To do:
In the records that follow, find the line with "Сушильная машина Bosch Serie 6 WQG233CRPL"; from there, retype every line exactly through the line with "LG 48 colių", which also belongs to the answer.

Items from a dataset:
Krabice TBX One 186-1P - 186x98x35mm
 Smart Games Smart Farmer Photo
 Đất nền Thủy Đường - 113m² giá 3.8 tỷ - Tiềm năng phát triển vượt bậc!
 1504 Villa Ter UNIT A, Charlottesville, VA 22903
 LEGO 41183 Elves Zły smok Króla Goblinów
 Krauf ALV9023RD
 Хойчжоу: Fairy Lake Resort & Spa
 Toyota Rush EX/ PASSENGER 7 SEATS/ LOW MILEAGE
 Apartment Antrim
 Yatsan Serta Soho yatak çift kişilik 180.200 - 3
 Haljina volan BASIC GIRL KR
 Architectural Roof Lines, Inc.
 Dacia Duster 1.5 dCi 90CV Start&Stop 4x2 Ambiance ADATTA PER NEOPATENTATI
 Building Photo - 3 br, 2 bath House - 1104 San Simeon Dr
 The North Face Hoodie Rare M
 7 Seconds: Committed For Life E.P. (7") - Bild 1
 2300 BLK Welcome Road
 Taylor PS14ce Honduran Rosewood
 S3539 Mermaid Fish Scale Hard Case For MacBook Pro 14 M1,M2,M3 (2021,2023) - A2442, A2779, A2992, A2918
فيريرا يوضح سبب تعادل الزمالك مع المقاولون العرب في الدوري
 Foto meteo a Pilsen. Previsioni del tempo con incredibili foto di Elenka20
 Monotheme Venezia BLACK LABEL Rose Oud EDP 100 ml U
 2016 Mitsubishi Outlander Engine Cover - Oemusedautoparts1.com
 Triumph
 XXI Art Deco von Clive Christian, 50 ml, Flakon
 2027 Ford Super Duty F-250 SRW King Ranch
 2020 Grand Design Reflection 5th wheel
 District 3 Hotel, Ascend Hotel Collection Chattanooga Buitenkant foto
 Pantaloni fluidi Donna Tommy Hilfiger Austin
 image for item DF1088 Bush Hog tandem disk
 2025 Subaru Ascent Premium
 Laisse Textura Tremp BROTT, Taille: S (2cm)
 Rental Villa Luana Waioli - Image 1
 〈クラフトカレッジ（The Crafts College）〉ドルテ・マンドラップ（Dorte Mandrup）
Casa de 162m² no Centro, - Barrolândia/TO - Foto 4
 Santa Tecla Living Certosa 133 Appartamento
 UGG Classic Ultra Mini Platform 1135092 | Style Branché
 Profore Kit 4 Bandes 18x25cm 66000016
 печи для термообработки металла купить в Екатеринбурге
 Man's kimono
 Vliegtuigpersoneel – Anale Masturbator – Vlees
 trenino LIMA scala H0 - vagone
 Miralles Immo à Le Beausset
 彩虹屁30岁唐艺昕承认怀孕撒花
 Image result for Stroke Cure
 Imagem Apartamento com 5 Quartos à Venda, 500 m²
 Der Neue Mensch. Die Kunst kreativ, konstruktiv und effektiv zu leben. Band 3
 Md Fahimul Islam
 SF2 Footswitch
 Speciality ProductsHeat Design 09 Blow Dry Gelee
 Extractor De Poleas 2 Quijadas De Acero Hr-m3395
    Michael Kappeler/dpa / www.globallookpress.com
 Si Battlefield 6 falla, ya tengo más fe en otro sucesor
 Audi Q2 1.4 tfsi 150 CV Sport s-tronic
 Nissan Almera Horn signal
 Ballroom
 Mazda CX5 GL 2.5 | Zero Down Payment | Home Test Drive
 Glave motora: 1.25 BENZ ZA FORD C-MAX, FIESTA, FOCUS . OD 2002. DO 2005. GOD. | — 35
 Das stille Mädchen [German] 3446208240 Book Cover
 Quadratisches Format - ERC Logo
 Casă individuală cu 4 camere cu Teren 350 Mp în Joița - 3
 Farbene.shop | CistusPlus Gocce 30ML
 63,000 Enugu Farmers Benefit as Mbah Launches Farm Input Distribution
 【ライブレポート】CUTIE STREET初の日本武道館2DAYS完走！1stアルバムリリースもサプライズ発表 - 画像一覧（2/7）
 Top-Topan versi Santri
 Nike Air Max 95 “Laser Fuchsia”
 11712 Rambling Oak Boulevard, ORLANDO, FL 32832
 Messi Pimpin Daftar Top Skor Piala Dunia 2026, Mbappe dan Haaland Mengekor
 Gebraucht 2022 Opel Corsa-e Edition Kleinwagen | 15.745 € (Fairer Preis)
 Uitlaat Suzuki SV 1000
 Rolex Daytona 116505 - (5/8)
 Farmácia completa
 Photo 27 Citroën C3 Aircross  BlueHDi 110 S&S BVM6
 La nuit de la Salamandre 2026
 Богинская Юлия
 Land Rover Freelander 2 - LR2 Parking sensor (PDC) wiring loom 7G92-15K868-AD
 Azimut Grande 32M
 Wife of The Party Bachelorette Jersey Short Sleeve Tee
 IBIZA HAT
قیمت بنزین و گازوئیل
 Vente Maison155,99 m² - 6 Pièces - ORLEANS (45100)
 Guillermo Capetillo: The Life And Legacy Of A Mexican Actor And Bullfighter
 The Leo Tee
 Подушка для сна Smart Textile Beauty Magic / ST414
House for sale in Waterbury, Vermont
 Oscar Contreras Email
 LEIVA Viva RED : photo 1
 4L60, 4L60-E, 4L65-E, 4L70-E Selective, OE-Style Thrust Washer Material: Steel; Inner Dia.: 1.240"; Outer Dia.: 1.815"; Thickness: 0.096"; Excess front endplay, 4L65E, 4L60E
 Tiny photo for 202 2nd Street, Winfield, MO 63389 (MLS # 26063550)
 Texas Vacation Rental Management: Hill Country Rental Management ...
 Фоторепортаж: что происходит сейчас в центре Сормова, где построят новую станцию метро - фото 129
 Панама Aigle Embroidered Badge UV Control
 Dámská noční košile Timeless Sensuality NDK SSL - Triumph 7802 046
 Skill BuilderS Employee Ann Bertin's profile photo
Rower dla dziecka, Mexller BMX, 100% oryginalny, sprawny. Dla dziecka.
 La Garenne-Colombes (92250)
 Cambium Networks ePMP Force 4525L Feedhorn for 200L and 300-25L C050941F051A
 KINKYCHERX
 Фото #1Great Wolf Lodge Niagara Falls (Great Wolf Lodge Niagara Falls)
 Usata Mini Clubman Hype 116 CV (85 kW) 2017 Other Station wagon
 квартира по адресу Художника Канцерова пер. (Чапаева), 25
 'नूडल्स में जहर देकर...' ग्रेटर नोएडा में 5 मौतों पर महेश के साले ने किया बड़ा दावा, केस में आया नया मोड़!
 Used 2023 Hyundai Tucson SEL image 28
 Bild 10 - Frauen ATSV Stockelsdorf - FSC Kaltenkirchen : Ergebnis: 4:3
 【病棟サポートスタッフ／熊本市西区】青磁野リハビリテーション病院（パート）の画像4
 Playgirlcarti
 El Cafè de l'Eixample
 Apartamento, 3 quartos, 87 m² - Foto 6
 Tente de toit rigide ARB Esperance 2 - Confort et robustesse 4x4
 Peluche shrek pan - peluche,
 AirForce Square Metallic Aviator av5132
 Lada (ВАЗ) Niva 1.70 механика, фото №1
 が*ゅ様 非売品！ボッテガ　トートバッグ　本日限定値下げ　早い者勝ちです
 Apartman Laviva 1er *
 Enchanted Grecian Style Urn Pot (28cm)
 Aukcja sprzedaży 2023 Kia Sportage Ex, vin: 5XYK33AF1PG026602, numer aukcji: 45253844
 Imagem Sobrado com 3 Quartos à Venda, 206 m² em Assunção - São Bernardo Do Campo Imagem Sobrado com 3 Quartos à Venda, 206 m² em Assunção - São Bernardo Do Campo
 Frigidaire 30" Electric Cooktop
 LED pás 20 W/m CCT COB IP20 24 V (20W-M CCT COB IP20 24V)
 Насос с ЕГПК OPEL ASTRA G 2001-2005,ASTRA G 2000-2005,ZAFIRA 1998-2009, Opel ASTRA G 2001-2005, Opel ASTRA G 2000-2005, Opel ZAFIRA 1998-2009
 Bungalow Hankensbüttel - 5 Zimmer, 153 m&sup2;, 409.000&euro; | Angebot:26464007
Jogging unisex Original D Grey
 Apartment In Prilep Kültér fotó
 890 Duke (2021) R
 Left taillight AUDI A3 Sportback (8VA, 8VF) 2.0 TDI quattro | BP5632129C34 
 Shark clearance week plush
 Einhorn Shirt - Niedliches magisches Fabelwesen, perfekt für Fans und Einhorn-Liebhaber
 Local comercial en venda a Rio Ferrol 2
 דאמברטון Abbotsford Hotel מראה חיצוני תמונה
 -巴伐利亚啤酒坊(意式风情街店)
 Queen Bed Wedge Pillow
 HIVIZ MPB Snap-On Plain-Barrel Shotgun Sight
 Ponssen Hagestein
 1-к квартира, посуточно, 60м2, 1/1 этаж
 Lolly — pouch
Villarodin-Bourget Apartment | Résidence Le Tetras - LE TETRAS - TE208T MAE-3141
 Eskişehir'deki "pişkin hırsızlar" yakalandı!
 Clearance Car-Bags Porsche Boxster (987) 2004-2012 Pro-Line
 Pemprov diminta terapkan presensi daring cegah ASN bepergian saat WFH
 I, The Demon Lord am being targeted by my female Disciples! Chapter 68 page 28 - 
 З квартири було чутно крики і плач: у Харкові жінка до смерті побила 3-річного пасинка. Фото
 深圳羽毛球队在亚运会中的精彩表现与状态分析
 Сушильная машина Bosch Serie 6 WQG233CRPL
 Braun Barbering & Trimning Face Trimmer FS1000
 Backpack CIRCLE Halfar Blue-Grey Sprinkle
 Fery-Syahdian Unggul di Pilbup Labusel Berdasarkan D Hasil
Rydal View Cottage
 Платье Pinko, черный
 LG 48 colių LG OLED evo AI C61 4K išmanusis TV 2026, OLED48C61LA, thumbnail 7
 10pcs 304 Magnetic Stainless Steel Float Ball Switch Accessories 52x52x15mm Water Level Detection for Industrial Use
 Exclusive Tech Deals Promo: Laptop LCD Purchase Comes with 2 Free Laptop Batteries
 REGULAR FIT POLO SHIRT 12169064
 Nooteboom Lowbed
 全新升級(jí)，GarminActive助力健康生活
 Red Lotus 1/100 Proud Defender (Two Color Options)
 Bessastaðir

Response:
 Сушильная машина Bosch Serie 6 WQG233CRPL
 Braun Barbering & Trimning Face Trimmer FS1000
 Backpack CIRCLE Halfar Blue-Grey Sprinkle
 Fery-Syahdian Unggul di Pilbup Labusel Berdasarkan D Hasil
Rydal View Cottage
 Платье Pinko, черный
 LG 48 colių LG OLED evo AI C61 4K išmanusis TV 2026, OLED48C61LA, thumbnail 7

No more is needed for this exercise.